Nothing but an exact copy is asked for: the lines in the material below from the one with "Brake Pads Nissan X-Trail Front - Kashiyama" through the one with "Renaissance Lucknow Hotel Hotel Exterior", pictures excluded.
Start of Data to examine
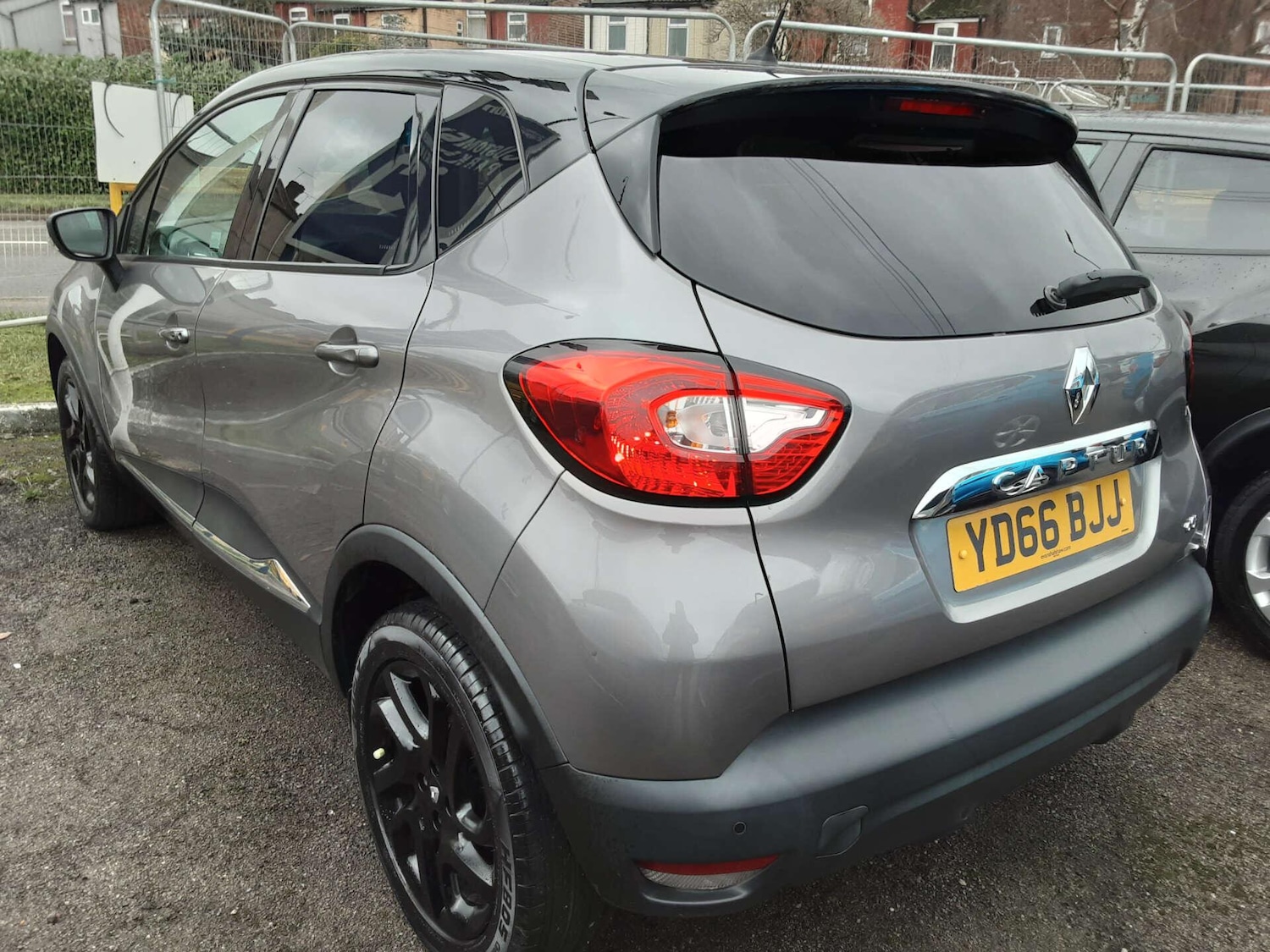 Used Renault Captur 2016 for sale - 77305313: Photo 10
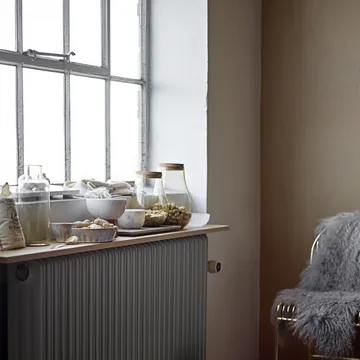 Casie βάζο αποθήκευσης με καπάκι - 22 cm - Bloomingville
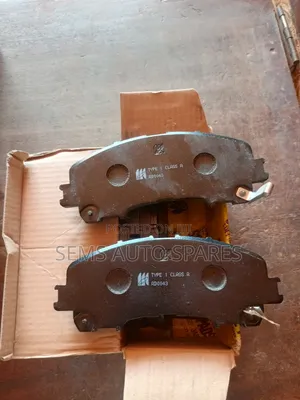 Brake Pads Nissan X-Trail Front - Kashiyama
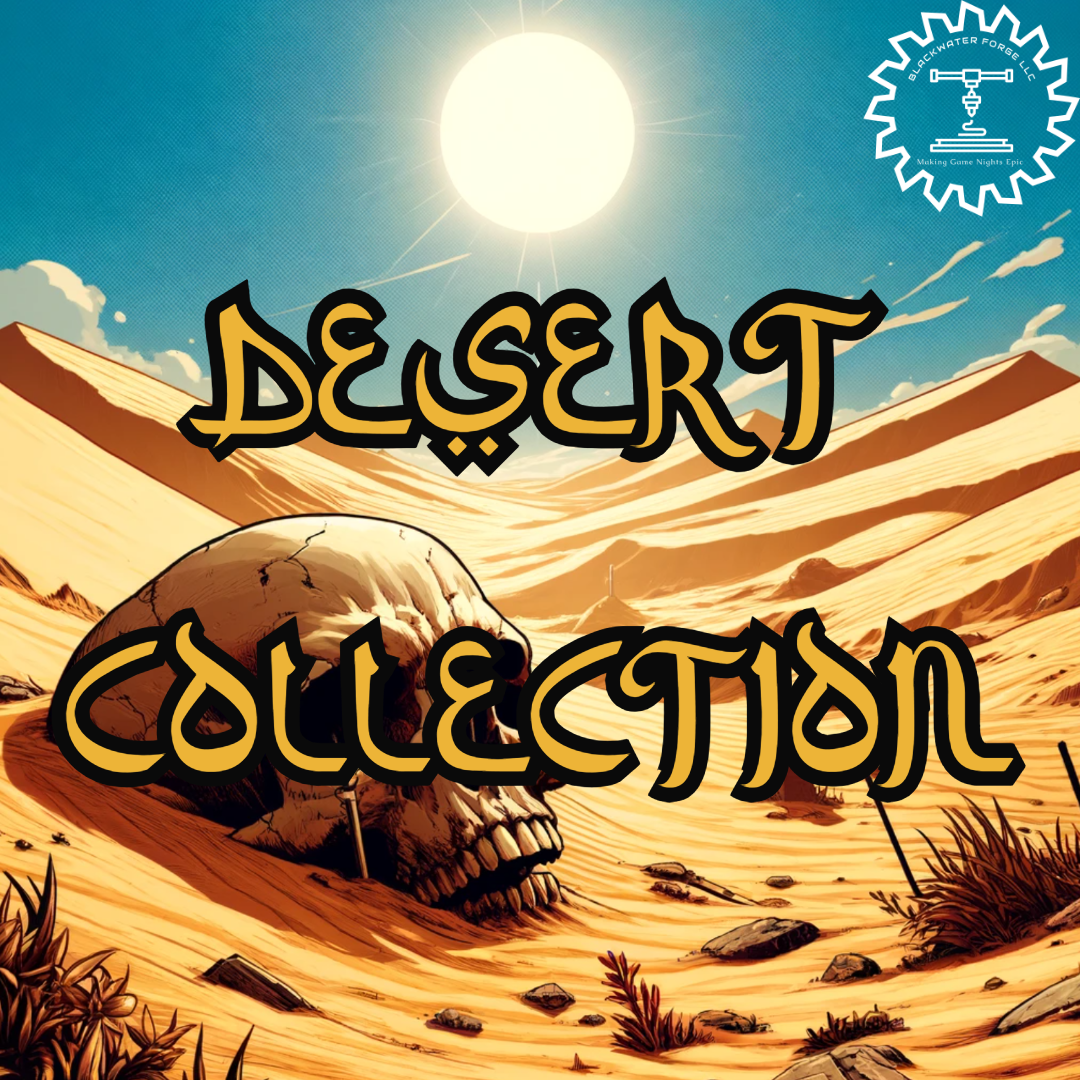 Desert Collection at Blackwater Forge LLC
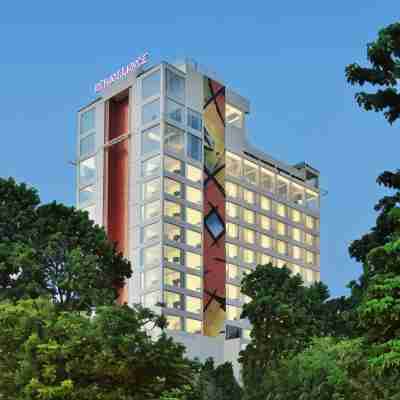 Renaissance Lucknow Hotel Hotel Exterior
End of Data to examine
Start of Data to examine
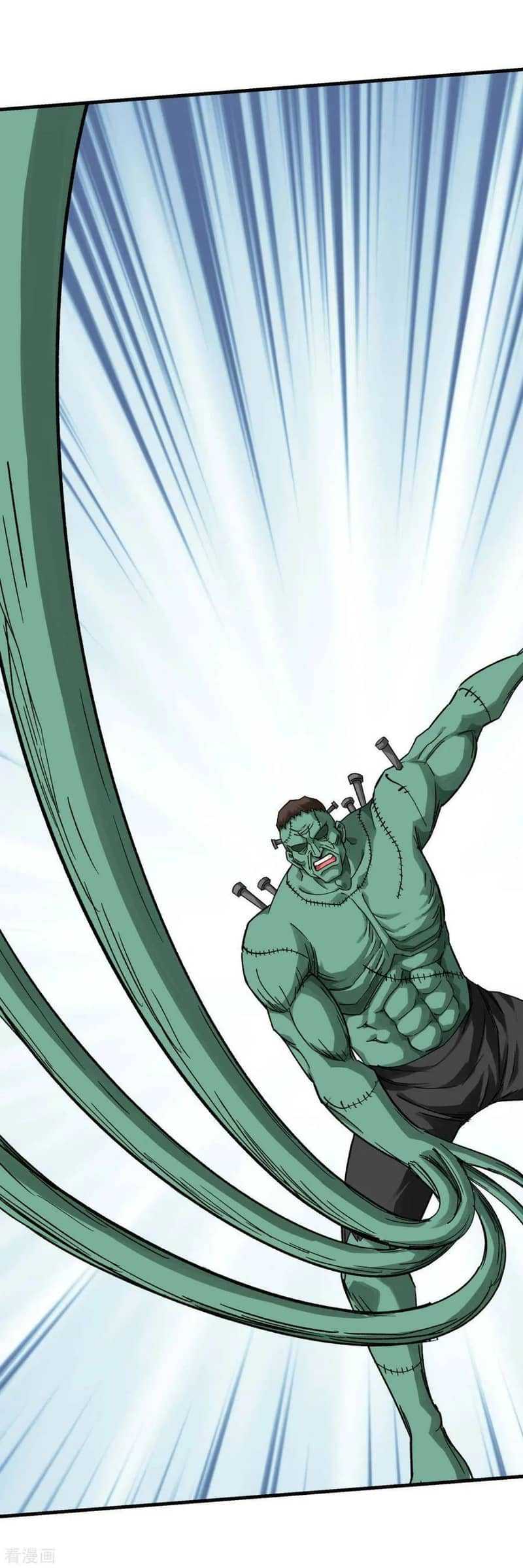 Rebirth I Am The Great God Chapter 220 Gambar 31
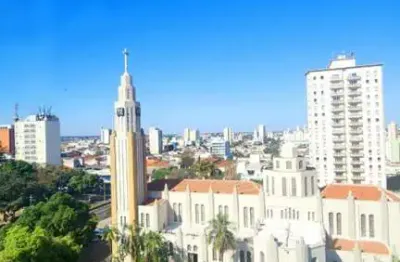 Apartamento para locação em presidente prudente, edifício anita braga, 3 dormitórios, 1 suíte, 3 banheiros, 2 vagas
End of Data to examine
**Worked solution:**
 Brake Pads Nissan X-Trail Front - Kashiyama
 Desert Collection at Blackwater Forge LLC
 Renaissance Lucknow Hotel Hotel Exterior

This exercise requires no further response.